Leaked classified documents show the U.S. National Security Agency and its British counterpart are among the "worst offenders" of mass surveillance without oversight, according to an open letter purportedly written by Edward Snowden and published Sunday by the German magazine Der Spiegel.
The publication of the letter, titled "A Manifesto for the Truth," comes as leaks by the former NSA contract analyst have roiled U.S.-European relations amid allegations that the NSA and the UK's Government Communications Headquarters monitored the communication data of some world leaders.
"The world has learned a lot in a short amount of time about irresponsibly operated security agencies and, at times, criminal surveillance programs. Sometimes the agencies try to avoid controls," Snowden wrote, according to the news magazine.
"While the NSA and GCHQ (the British national security agency) appear to be the worst offenders -- at least according to the documents that are currently public -- we cannot forget that mass surveillance is a global problem and needs a global solution."
The letter, published in German by Der Spiegel, was written on Friday in Moscow and provided to Der Spiegel through a "locked channel," the news magazine said. It was published in German and has been translated by CNN.
Snowden, 30, has admitted in interviews he was the source behind the leak of classified NSA documents, which revealed the existence of top-secret surveillance programs that collect records of domestic e-mails and telephone calls in the United States and monitor the cell phone and Internet activity of overseas residents. He is wanted in the United States on espionage charges.
A recent report by Der Spiegel, citing documents provided by Snowden, alleged the NSA monitored German Chancellor Angela Merkel's cell phone.
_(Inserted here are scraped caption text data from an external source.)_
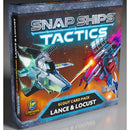 Board game box for 'Snap Ships Tactics' with space ship graphics and text.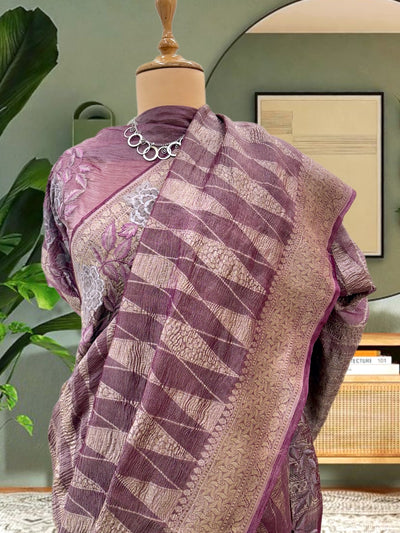 Sangria Wine Crinkled embroidery Sari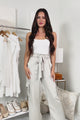 Happy Hour Hangs Satin Cargo Pants (Light Grey)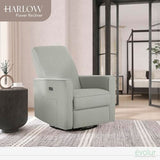 Evolur Harlow Upholstered Power Glider Recliner with USB Charging – Rocking & 360° Swivel with Smooth Glide – Greenguard Gold & FSC Certified – Modern Nursery and Living Room Chair in Light Grey Evolur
Some reports also suggest the United States carried out surveillance on French and Spanish citizens.
The allegations have prompted some European countries to call for investigations. It also has prompted congressional hearings in the United States, where some are calling for more transparency and more oversight of American spy programs.
The letter also accused governments of trying to squash debate about mass surveillance "with a never before seen witch hunt" that threatens journalists and criminalizes the publication of details about the programs.
In the letter, Snowden purportedly writes that his actions were bringing about change.
"The debate they wanted to avoid is now taking place in countries around the world," the letter said.
"And instead of causing damage, the use of this new public knowledge is causing society to push for political reforms, oversight and new laws."
Snowden has been in Moscow since June after fleeing from Hong Kong. In August, Russia granted him asylum for one year.
The release of the open letter is the second in a matter of days from Snowden, who released a letter to German authorities through an intermediary.
Last week, Hans-Christian Stroebele, a member of Germany's parliament, met with Snowden in Russia. Stroebele returned from the meeting with a letter from Snowden to German authorities, which was distributed to the media.
In it, Snowden said he is confident that with international support, the United States would abandon its efforts to "treat dissent as defection" and "criminalize political speech with felony charges."
"I hope that when the difficulties of this humanitarian situation have been resolved, I will be able to cooperate in the responsible finding of fact regarding reports in the media, particularly in regard to the truth and authenticity of documents, as appropriate and in accordance with the law," he wrote.
The White House did not immediately respond to Snowden's claims in the letter.
But earlier Sunday, White House Senior Adviser Dan Pfeiffer said on ABC's "This Week" that there has been no discussion of granting Snowden clemency.
"Mr. Snowden violated U.S. law," Pfeiffer said. "And our belief has always been that he should return to the U.S. and face justice."
It was a sentiment echoed by the heads of the House and Senate intelligence committees.
"He had an opportunity -- if what he was, was a whistle-blower -- to pick up the phone and call the House Intelligence Committee, the Senate Intelligence Committee, and say, 'I have some information,'" Sen. Dianne Feinstein, chairwoman of the Senate Intelligence Committee, said Sunday on CBS' "Face the Nation."
House Intelligence Committee Chairman Mike Rogers, R-Michigan, said Snowden has to "own up with what he's done."